Condition: Excellent for its age.

Some background on the Tohono O’odham and the I'itoi design:

The Tohono O’odham (/toʊˈhɑːnə ˈɑːtʊm/, or /tɑːˈhoʊnə ˈɑːtəm/)[2] are a group of Native Americans who reside primarily in the Sonoran Desert of eastern Arizona and northwestern Mexico. "Tohono O’odham" means "Desert People". The governmental entity for the tribe is the Tohono O'odham Nation.

Although the Tohono O’odham were previously known as the Papago, (meaning "tepary-bean eater"), they have largely rejected this name. It was applied to them by conquistadores who had heard them called this by other Piman bands that were very competitive with the Tohono O’odham. The term Papago derives from Ba:bawĭkoʼa, meaning "eating tepary beans." That word was pronounced papago by the Spanish.

The Tohono O'odham Nation, or Tohono O’odham Indian Reservation, is located in southern Arizona, encompassing portions of Pima County, Pinal County, and Maricopa County. (source Wikipedia)

Legend of I'itoi

Many different translations are found for I'itoi. One starts before human time, a figure somtimes called First Born miraculously appeared. First Born finished creating the earth, sun, moon, and sky. When the sky and earth met, I'itoi (pronounced e-e-toy) came into being. I'itoi created people out of clay, gave them evening skies, and told them not to leave their land. I'itoi, often called Elder Brother, has always lived in a cave near the summit of Waw Kiwalik (Baboquivari Peak). The maze is a map of I'itoi's cave.

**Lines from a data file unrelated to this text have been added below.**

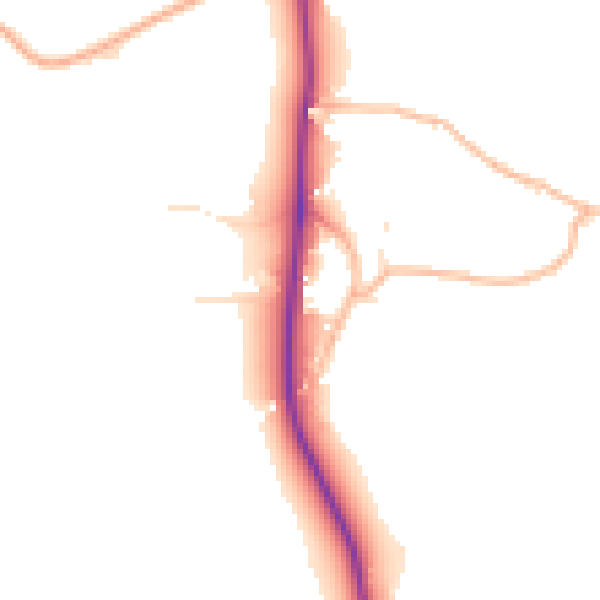 Daytime road noise heatmap for EX3 0QW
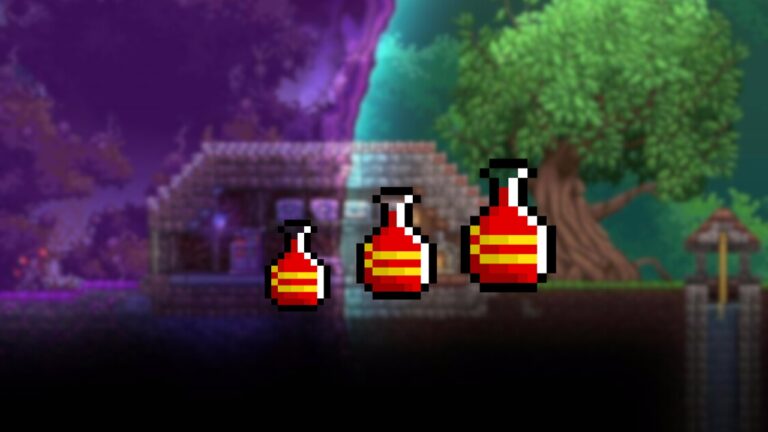 How to Make Mana Potions - Terraria Top Tips - Mana Potions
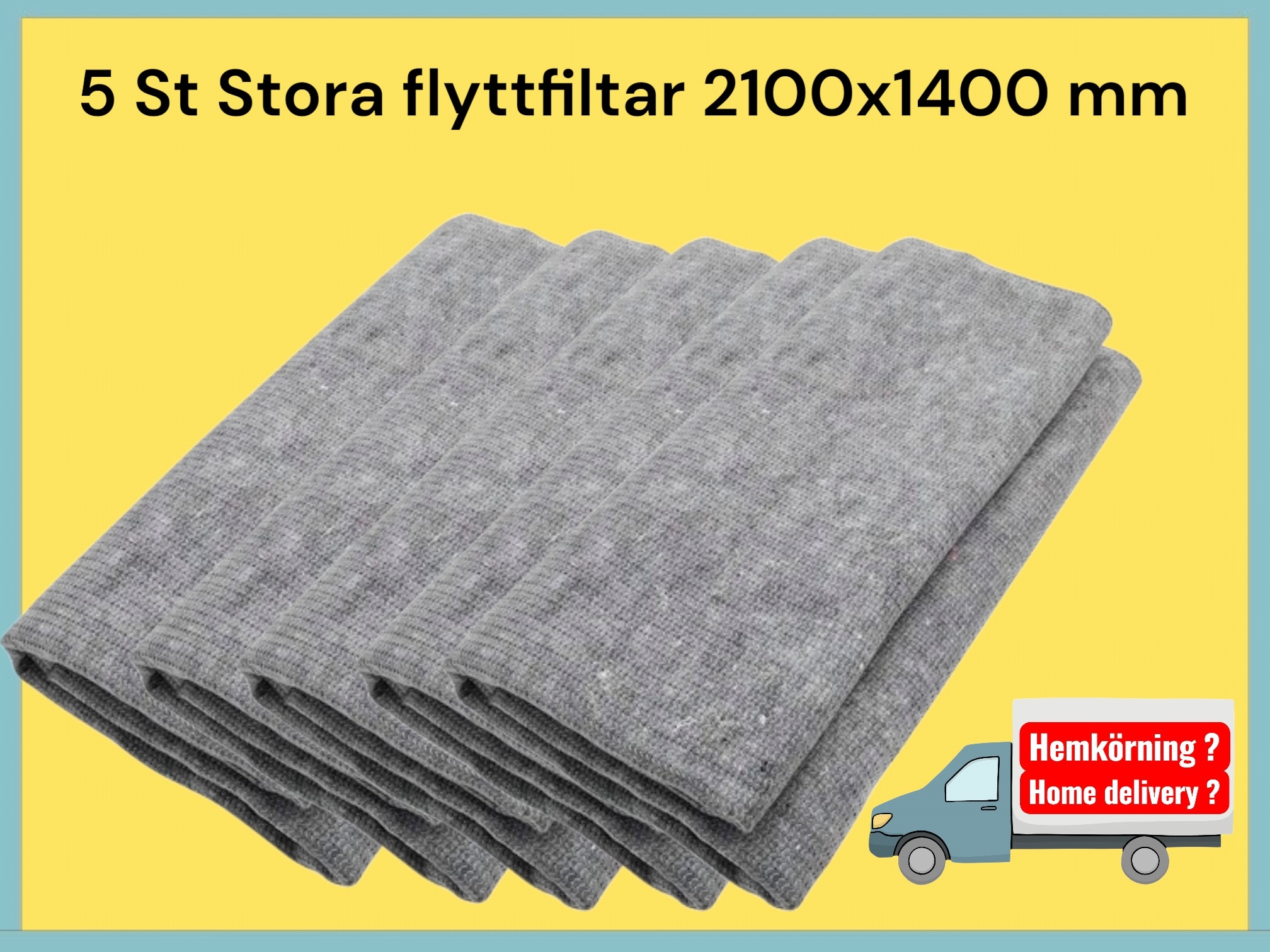 Stora flyttfiltar 2100x1400 mm 5 stycken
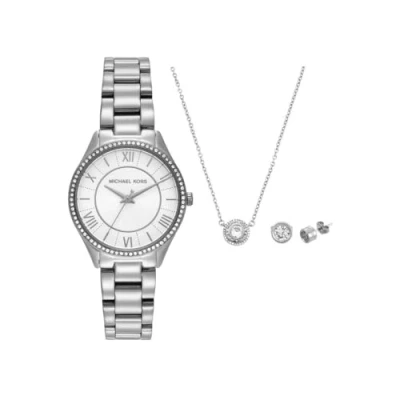 Bild av Michael Kors Lauryn SET Halsband silvercoloured, Storlek: One Size, Silver coloured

Another story of I'itoi comes straight from the Tohono O'odham Nation and off of a card sold with baskets and pottery that contain the Man in the Maze, it goes like this: "I'itoi, Man in the Maze, The man at the top of the maze depicts birth. By following the white pattern, beginning at the top, the figure goes throught the maze encountering many turns and changes, as in life. As the journey continues, one acquires knowledge, strength, and understanding. Nearing the end of the maze, one retreats to a small corner of the pattern before reaching the dark center of death and eternal life. Here one repents, cleanses, and reflects back on all the wisdom gained. Finally, pura and in harmony with the world, death and eternal life are accepted. (Source, rare pottery.com)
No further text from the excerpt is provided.